**WHAT IS EXPECTED**
Copy exactly the lines from the line holding "Authentic Louis Vuitton" through the end of the material, and no others; pictures stay out.

(SUPPLIED MATERIAL)

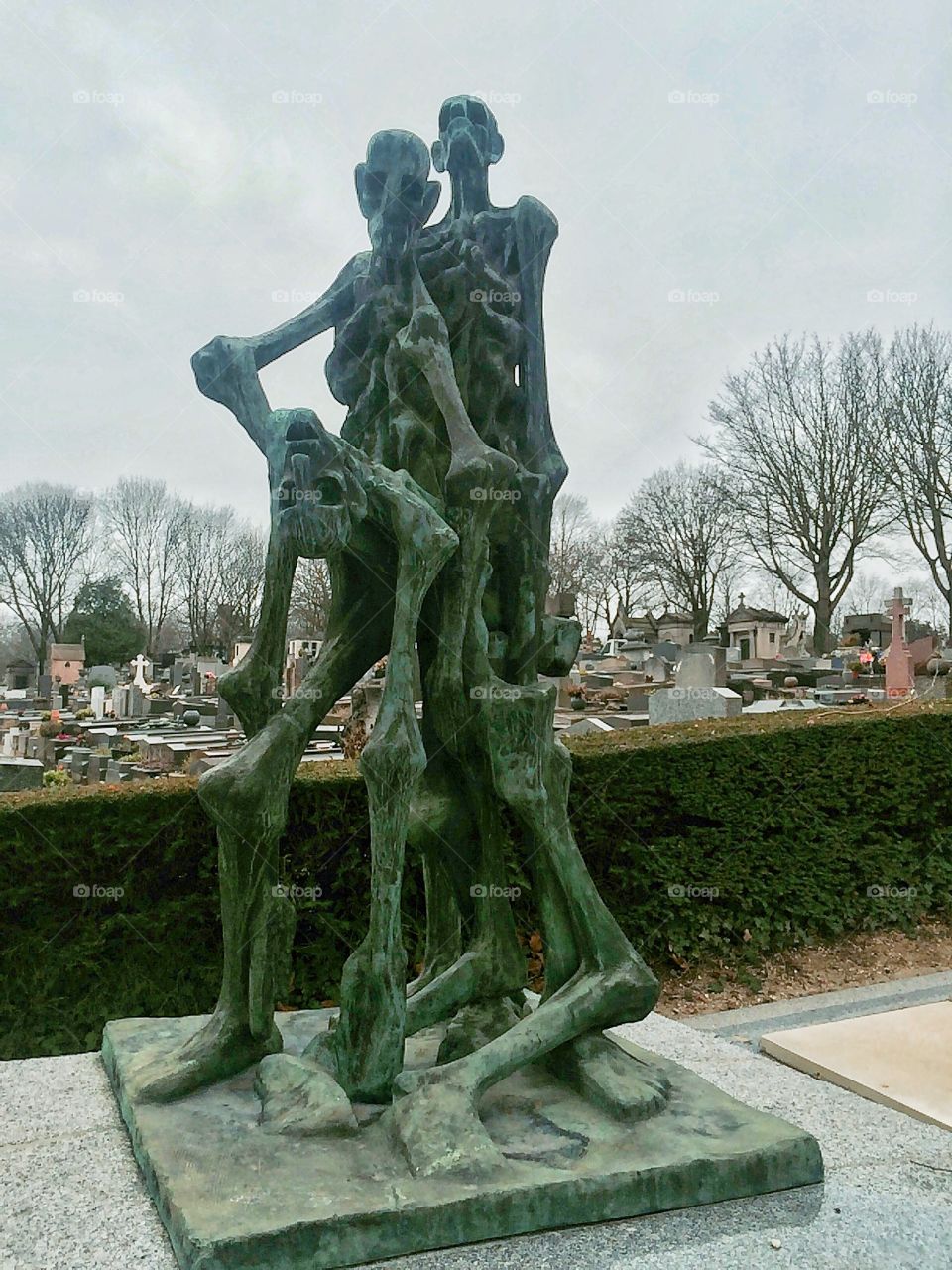 Holocaust memorial Père Lachaise cemetery Paris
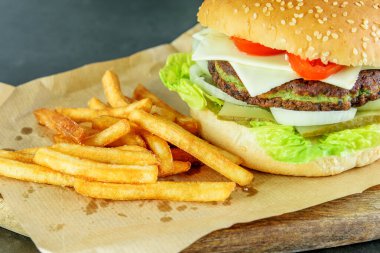 Ispanak pirzolası, sebze ve patates kızartması ile vejetaryen burger, üst manzara. Lezzetli hafif fast food. Sağlıklı yiyeceklerin tadını çıkarıyorum.. 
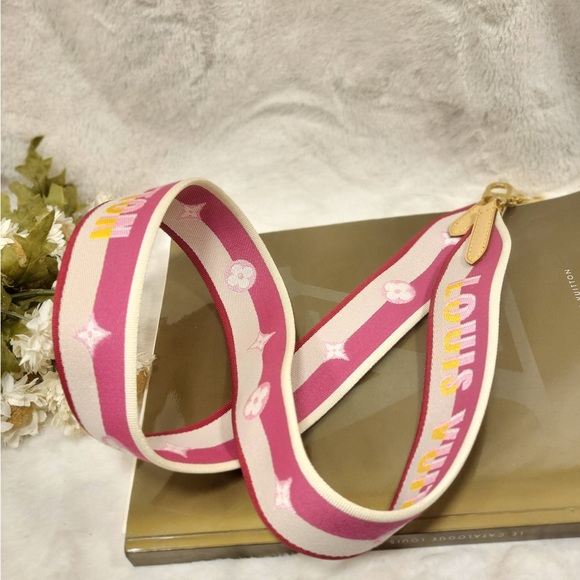 Authentic Louis Vuitton speedy 20 bandouliere STRAP ONLY Pink fuscia - Picture 10 of 13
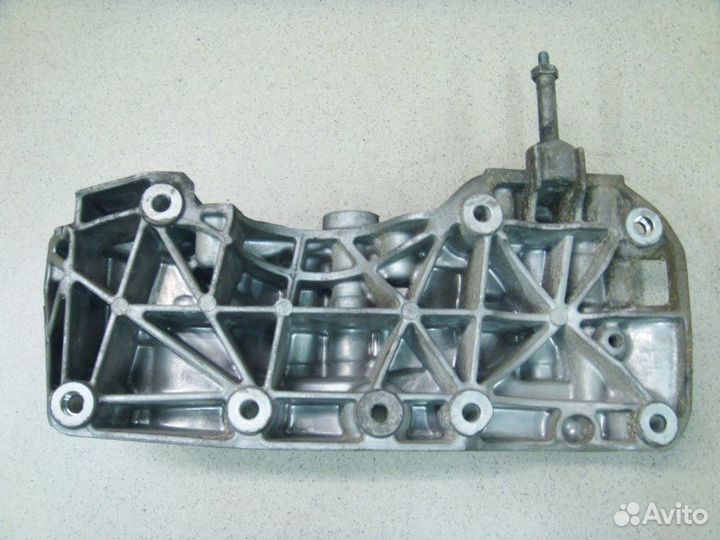 Кронштейн генератора Bmw 5 F10 N47N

(End SUPPLIED MATERIAL)

**PROBLEM SOLUTION**
 Authentic Louis Vuitton speedy 20 bandouliere STRAP ONLY Pink fuscia - Picture 10 of 13
 Кронштейн генератора Bmw 5 F10 N47N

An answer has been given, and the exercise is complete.